このウィスキーはコンセプトがおもしろい。熟成したモルト原酒とグレーン原酒をブレンドしたあと(普通この段階で出荷するが)、さらに樽に入れて熟成させる。これによってひとつのウィスキーとしての香味の調和を図る。この手法はマリッジ(直訳すると“結婚”)と呼ばれている。そして、その樽からほぼ“樽出し”の状態でアルコール度数51%でリリースされる。実際には割り水を使用(加水)しているが、このウィスキーではアルコール度数を一定にする調整程度のようだ(割り水しなければ法的基準をクリアするため樽ごとにわずかに違う度数表記をいちいち変えなければならない)。この“ほぼ樽出しそのまま”が、このフロム・ザ・バレルのコンセプトなのだ。

さて、このボトルの香味やいかに。

ニッカ フロム・ザ・バレル

【評価】
グラスから立ち上る香りは、きわめてスウィーティーでフレッシュな木苺。ほのかに香る古びた本や灰の香り。アルコールが鼻腔を満たすがさわやかな甘みを届ける。
口に含めば、滑らかで情熱的。軽くて鮮やか、だが色味は多くなりすぎない絵のような。
情熱を秘めた大人のウィスキー。

【Kawasaki Point】
86point
※この点数の意味は?

【基本データ】
銘柄:FROM THE BARREL(フロム・ザ・バレル)
地域:Japanese, 日本
樽:Oak, オーク
ボトル:Blended, ブレンデッド

極めてシンプルなラベル。このウィスキーをよく顕している

四角い塊のようなボトル
フランスではコスパとボトルの扱いやすさから
カクテルの割り材としての需要が伸びているようだ

色味は多くなりすぎない絵のような







レビュー:イチローズモルト MWR どこかに優雅さを・・・

Ichiro's Malt MWR(イチローズモルト ミズナラ・ウッド・リザーブ)を飲んだ。83点。

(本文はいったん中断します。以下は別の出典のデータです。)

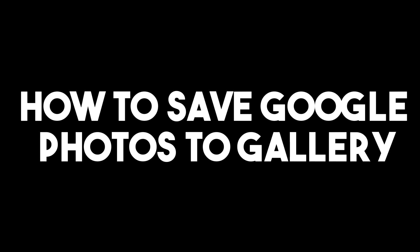Hello everyone, in this video I will be showing you how to save Google Photos to your gallery.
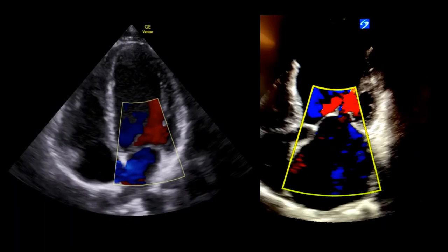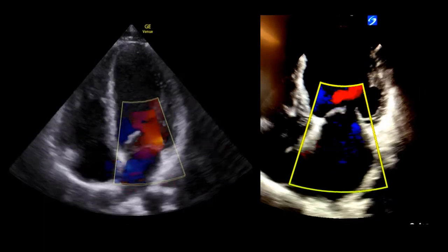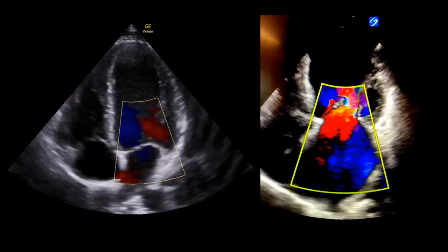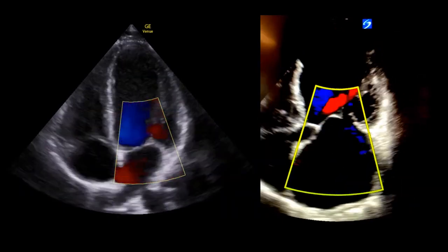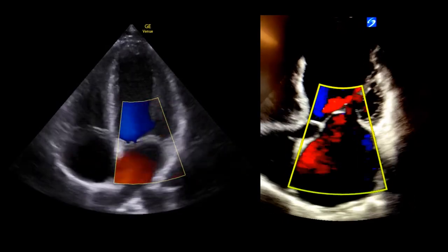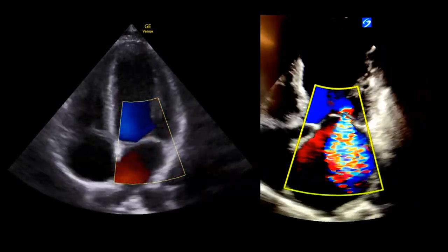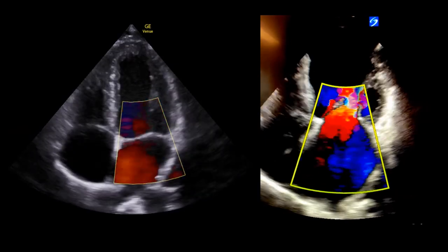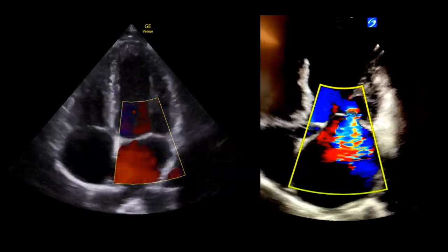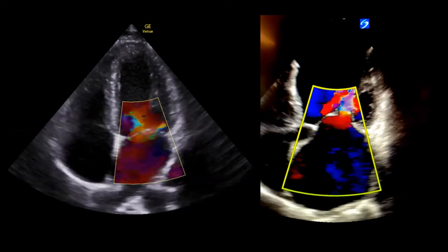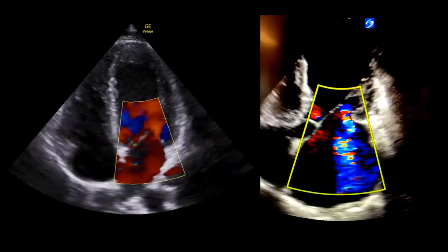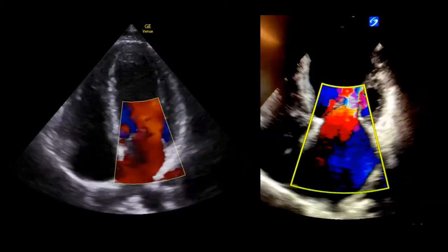Here we compare, on the left, the same heart from the previous slide — which, by the way, is my heart — with the heart on the right, which has severe mitral regurgitation. On the right, you can see a whole jet of blue blood flow across the mitral valve, which, by being blue, means it is moving away from the probe — that is, coming from the left ventricle into the left atrium. This is serious regurgitation.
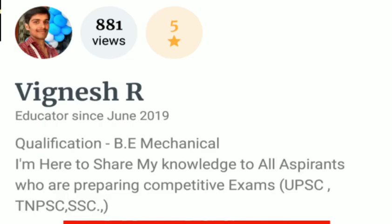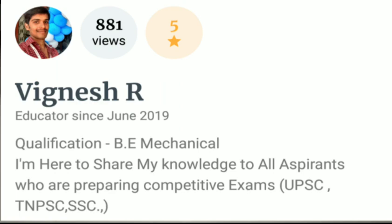In my channel, we will see topic by topic in each video. If you are a new person, you can learn from the channel on Unacademy. You can click the link on Unacademy, or check the Unacademy app in the Google Play Store and find our profile directly.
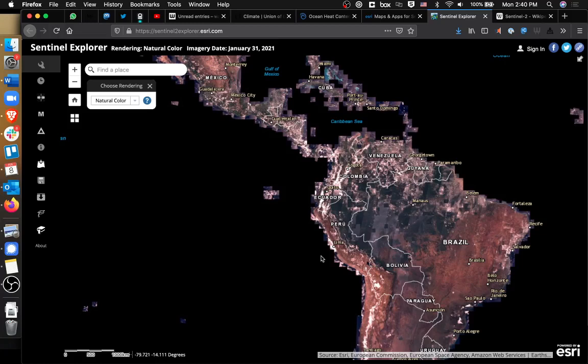Hey, this is Derek, and this is a quick preview of Sentinel Explorer. Sentinel Explorer is an online mapping tool created by Esri, which uses European Space Agency data to create maps that you can analyze in a variety of ways.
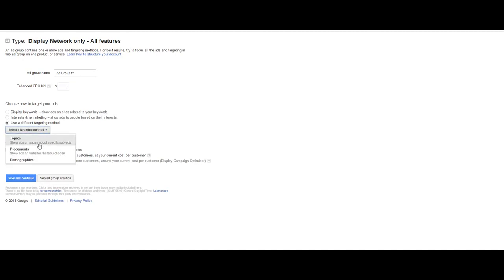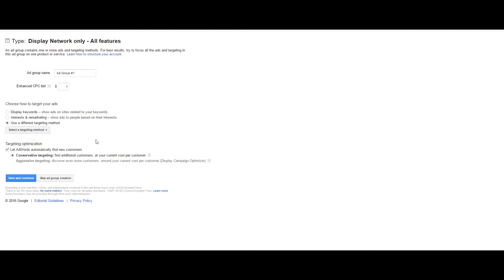Options there include the topics covered on the website, specific websites, or demographics such as age and gender. You can choose how aggressive you want to get to find new customers.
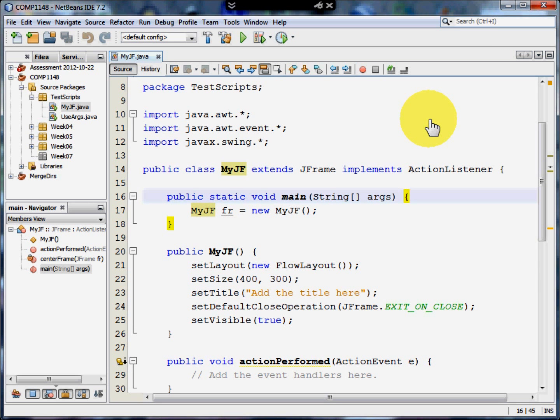Welcome to this video on how to create a windowed program using Java. My name is Andy Wicks and in this program I'm going to show you how to create the simplest interface you can.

イチローズモルトというブランドは2004年に設立されたばかりの会社「ベンチャーウィスキー」からリリースされている。ウィスキーの新しいブランドや蒸溜所が生まれることはとてもワクワクすることだ。世界でも多くの蒸溜所が生まれていると聞く。アメリカでは現在進行形で多くの小規模蒸溜所が生まれていると聞くし、今年WWA(ワールド・ウィスキー・アワード)でベスト・シングル・ウィスキーに輝いたのはタスマニアの蒸溜所「サリヴァンズ・コーヴ」で設立は1994年。一般企業で10年や20年といえばなかなか厚みのあるイメージを受けるが、1700年や1800年代から操業していますといった老舗がゴロゴロいるウィスキー蒸溜所の中では「新しい」部類に入る。

歴史があることと、新しいことは、どちらも同じほど素晴らしい。ウィスキー好きとしてはこれからも多くの蒸溜所による多種多様なウィスキーのリリースを期待するばかりだ。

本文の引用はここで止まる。